- Neo-Youth Ministry Series Introduction
- Neo-Youth Ministry Part 1: “Youth”
- Neo-Youth Ministry Part 2: “Ministry”
- Neo-Youth Ministry Part 3: The Youth Minister
- Neo-Youth Ministry Part 4: The Youth Minister as Theologian
- Neo-Youth Ministry Part 5: The Youth Minister as Pastor
- Neo-Youth Ministry Part 6: Youth Minister as Spiritual Director
- Neo-Youth Ministry Part 7: The Youth Minister as Prophet
- Neo-Youth Ministry Part 8: The Youth Minister as Youth Advocate
- Neo-Youth Ministry Part 9: The Youth Minister as Interpreter and Synthesizer
- Neo-Youth Ministry Methods: Education and Teaching
- Neo-Youth Ministry Methods: The End of Bait and Switch
- Neo-Youth Ministry Methods: Local and Contextual
In order to begin to re-think what it might mean to do youth ministry, to formulate a Neo-Youth Ministry, we should probably start out by coming to grips with the term “youth ministry”. To begin, I’ll be examining the word “youth”.

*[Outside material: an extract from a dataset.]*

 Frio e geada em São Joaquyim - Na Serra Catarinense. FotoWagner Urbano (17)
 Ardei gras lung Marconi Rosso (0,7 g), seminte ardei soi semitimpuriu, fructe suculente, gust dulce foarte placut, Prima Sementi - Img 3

“Youth”, as it is defined in most church ministry contexts refers to students in middle school (sometimes known as junior high) and high school. Depending on where you are in the country, this includes sixth or seventh grade students through twelfth grade students.
An initial observation of this term brings to light that this kind of ministry is extremely narrow in scope. Even if we grant the broadest possible definition of “youth” (sixth through twelfth grade), we are still only talking about seven years of a person’s life. Before sixth grade, the person is in a children’s ministry for eleven or so years. After graduating high school, the typical person has another sixty-two years of life left.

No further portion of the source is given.